By this time — what is this? Episode #2,382? — I’ve enjoyed quite a few of JP Sears’s videos. Thank you, JP Sears, if you ever stumble upon this post, for many laughs. But now, let me say to JP: you’re getting a bit like an annoying party guest that I wish would just go talk to somebody else. You’re basically a comedian who’s still using the same old routine long after its novelty wore off, and let me tell you, Mr. New Age Stephen Colbert, you’d do all your fans a major service if you shook up your spiritual teachings with a fresh approach.
JP Sears apparently thinks he’s VERY FUNNY, and a ton of people agree. His videos on YouTube have scored “well over 100 million views, and his following is both massive and faithful” … but I suspect that some of the fans may be moving on. Perhaps people have started to catch on to the fact that he’s feeding them a diet virtually 100% in sarcasm, satire, and parody. But that’s a starvation diet for the spirit.
Trust isn’t built on endless, repetitive, unremitting sarcasm. For one thing, it’s untruth after untruth after untruth designed to make you feel very intelligent for being “in on the joke” and “reading between the lines”. But after a while, there’s a bitter aftertaste. Not to mention the fact that JP now seems to have started to do spiritual teaching of a more conventional variety, and it remains to be seen whether “don’t take yourself too seriously” is a great brand for embracing the fullness of life as opposed to escaping from it or bypassing darkness into superficial lightness.
For another thing, sarcasm and parody have a short shelf-life. They’re disposable tweaks best when used sparingly by the powerless against the powerful as a way of achieving a measurable outcome.

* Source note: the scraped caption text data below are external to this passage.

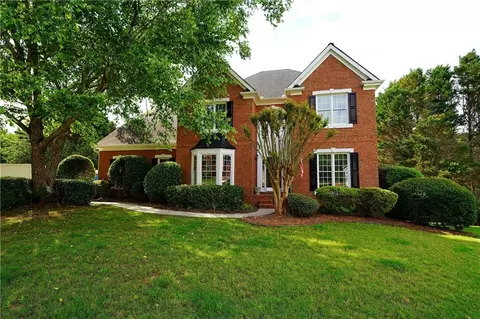 1601 Haven Crest Ct, Powder Springs, GA 30127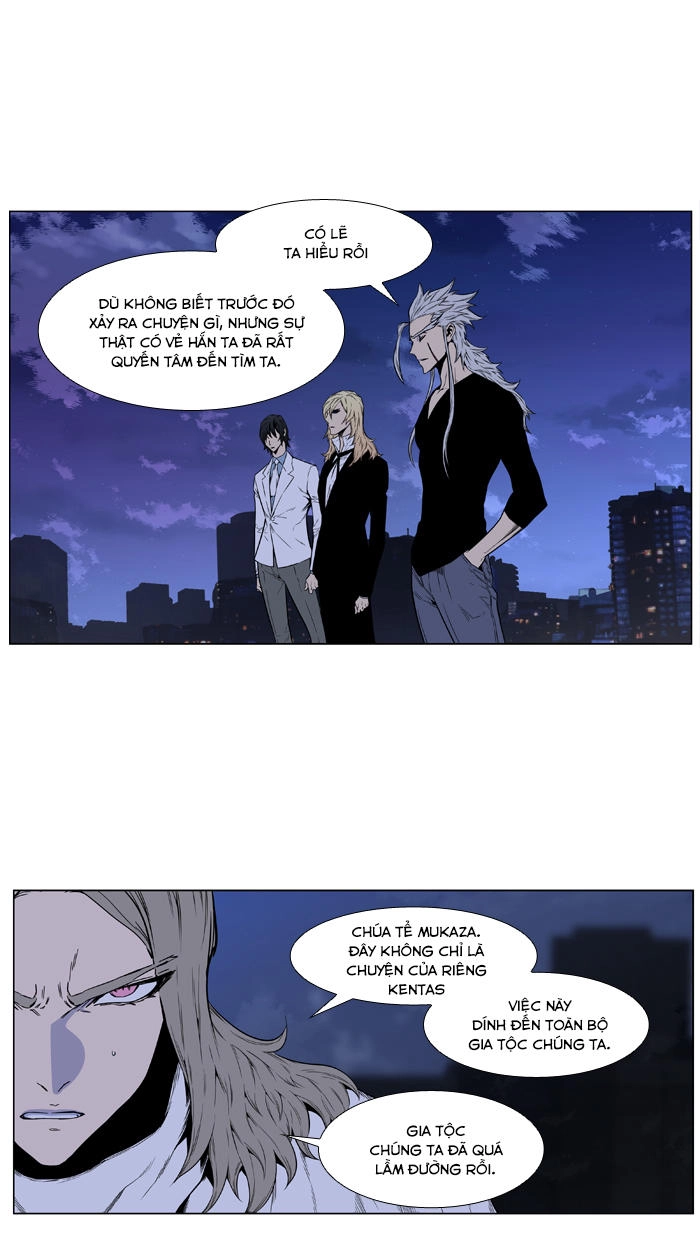 Ma Cà Rồng Quý Tộc Chapter 416 - 32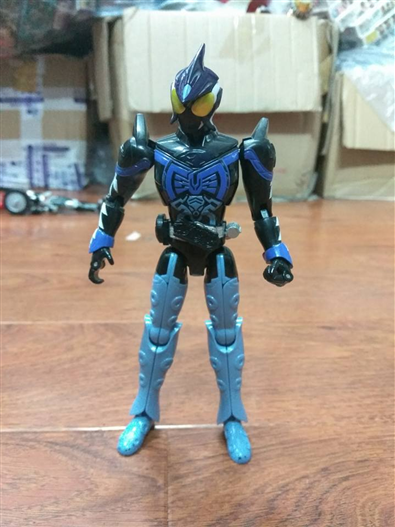 Mua bán CHANGE RIDER OZU SHAUTA NOBOX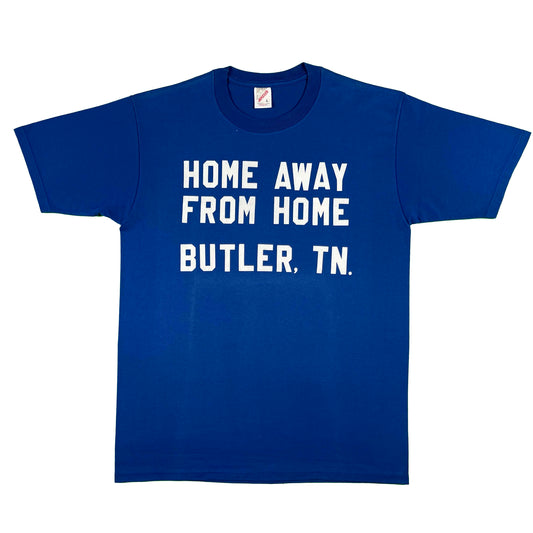 90s 'Home Away From Home' Butler, Tennessee Tee- L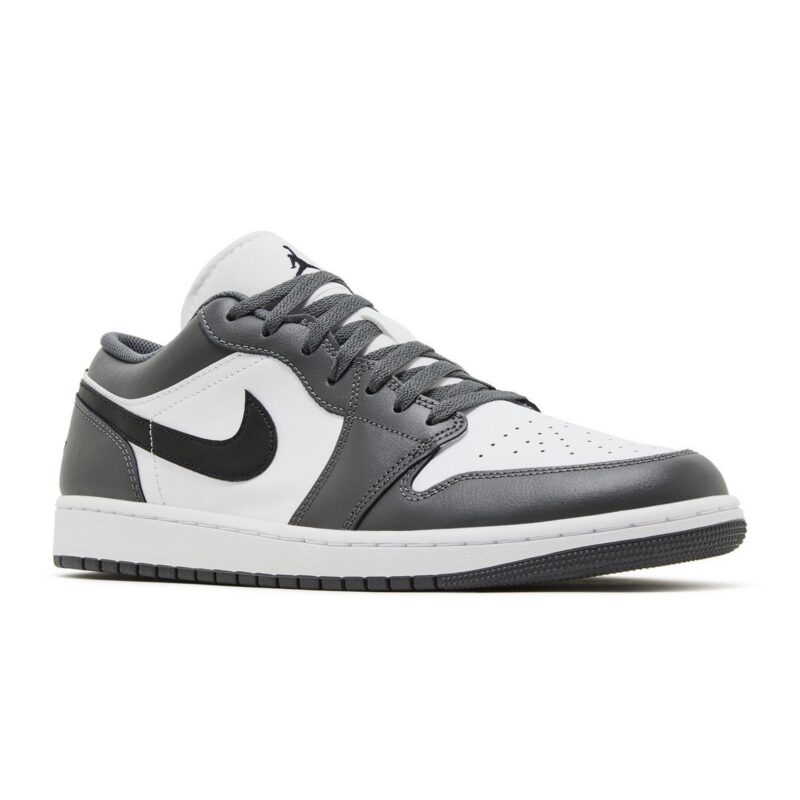 Jordan-1-Low-Iron-Grey-2 Jordan 1 Low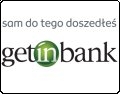 GETIN  NOBLE BANK S.A. Punkt Obsługi Klienta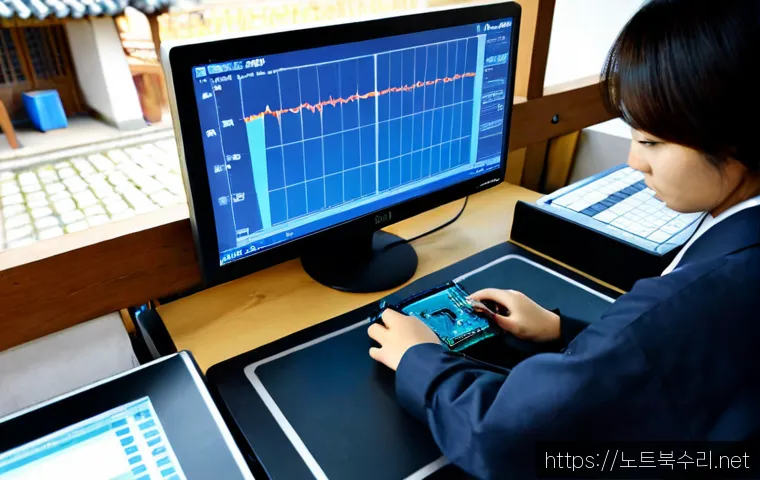 통의동 SSD조립 및 교체수리 관련 이미지 3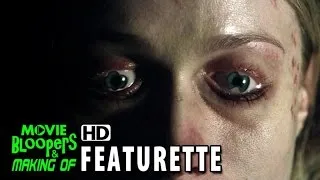 The Vatican Tapes (2015) Featurette - Story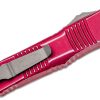 Microtech 144-10DRD Combat Troodon Apoc Distressed Red - Image 3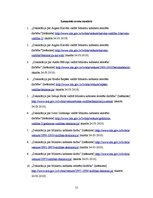 Referāts 'Ministru kabineta valdību deklarācijās paustā integrācijas politika no 1993.gada', 15.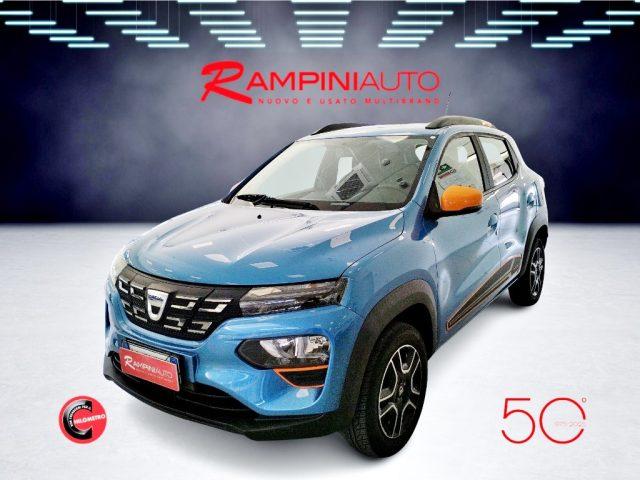 DACIA Spring Electric 45 Comfort Plus Km 59.000 Pronta Consegna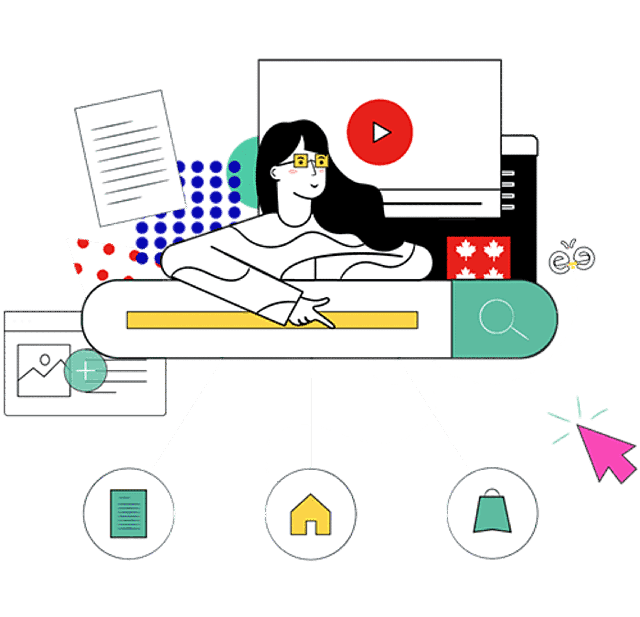 Offsite Strategies Optimization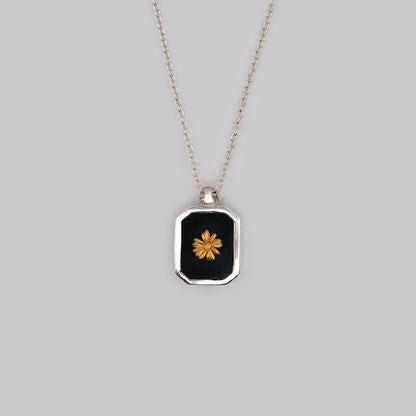 empy necklace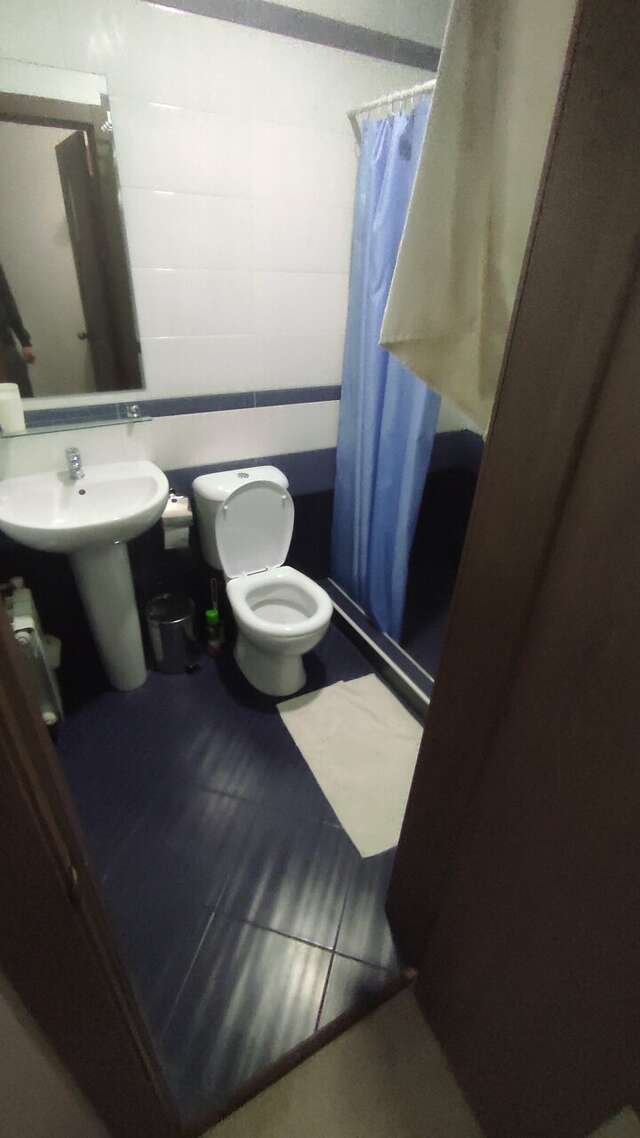 Отель Золотой Шар Тольятти-219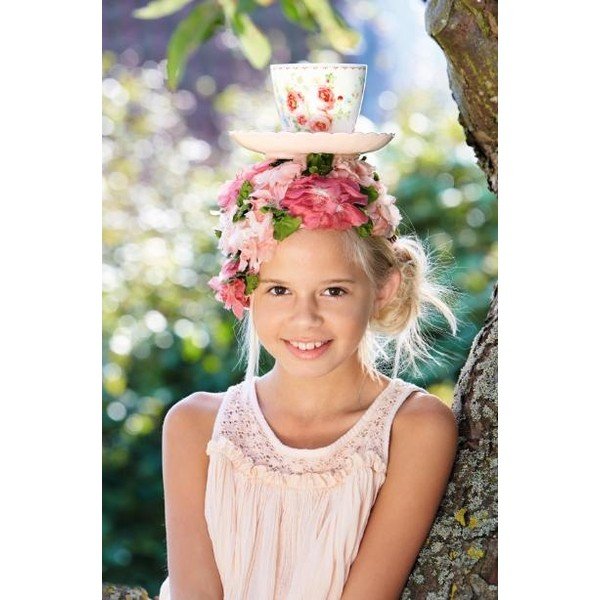 Tazza Simone White, 300 ml - Green Gate-image-1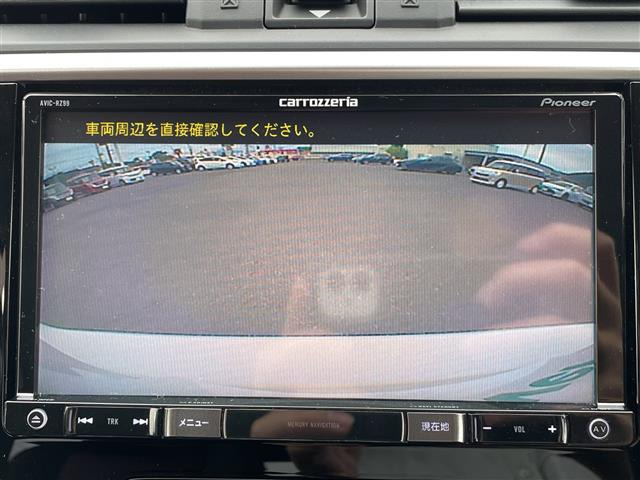 レヴォーグ1.6 STI スポーツ アイサイト 4WD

They’ve been used in the past brilliantly by social critics from Mark Twain to Oscar Wilde.
But JP Sears’s videos routinely get tens of millions of viewers. Some of his videos get half a billion hits and counting. By now, JP Sears is (by all appearances) another successful, famous, rich, white guy using a vast social media empire and legions of adoring fans to put down (other) people who are genuinely trying to turn their lives around and embrace anti-materialistic, spiritual truths. It doesn’t quite ring authentically prophetic in the way he hopes it would.
For another thing, parody functions through a subtle cruelty. It may distort people’s actual beliefs with exaggeration in order to attack them. Because it is delivered through the persona or false self rather than authentic self, it deprives the audience of a depth of feeling and connection and love that are necessary for healing the pain generated through the parody.
TV parodies like “Saturday Night Live” and “The Daily Show” are frequently funny — especially if you already agree with their political agenda — but they are vehicles for exacerbating polarization, defensiveness, self-righteousness, and cynicism. It would be a very strange thing to say about SNL’s “Weekend Update” that it feeds both our better angels and coarser angels equally or that it’s spiritually enlightening. We tend to set our standards pretty darn low for anything on a TV comedy show. But a spiritualized version of “Weekend Update” becomes susceptible to this sort of criticism. We ought to ask: how long can this purportedly spiritually enriching show go on?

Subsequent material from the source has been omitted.